> DATASET SECTION:
···
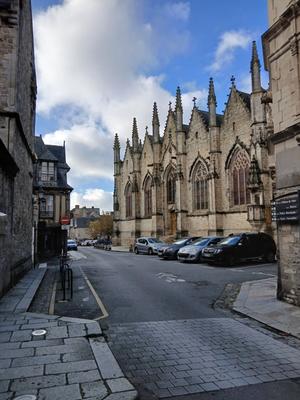 Fonds de commerce - 216 m²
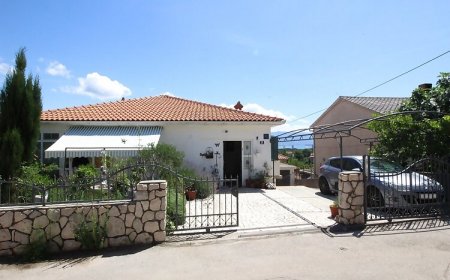 Apartmani Renata Šilo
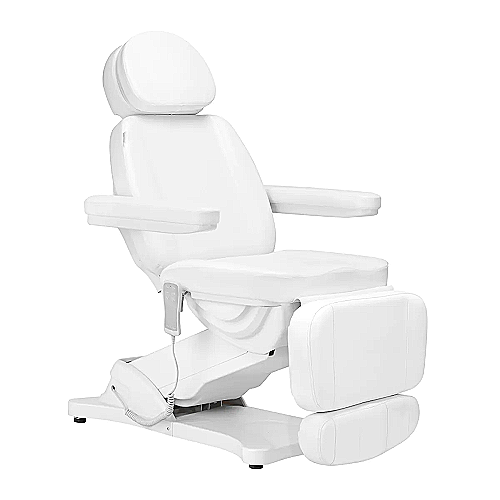 Kozmetički stol SILLON CLASSIC – električni stol s 3 motora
···
> REQUIRED WORK:
When you repeat the listing, keep it exact and leave the pictures behind.

> TASK OUTPUT:
 Fonds de commerce - 216 m²
 Apartmani Renata Šilo
 Kozmetički stol SILLON CLASSIC – električni stol s 3 motora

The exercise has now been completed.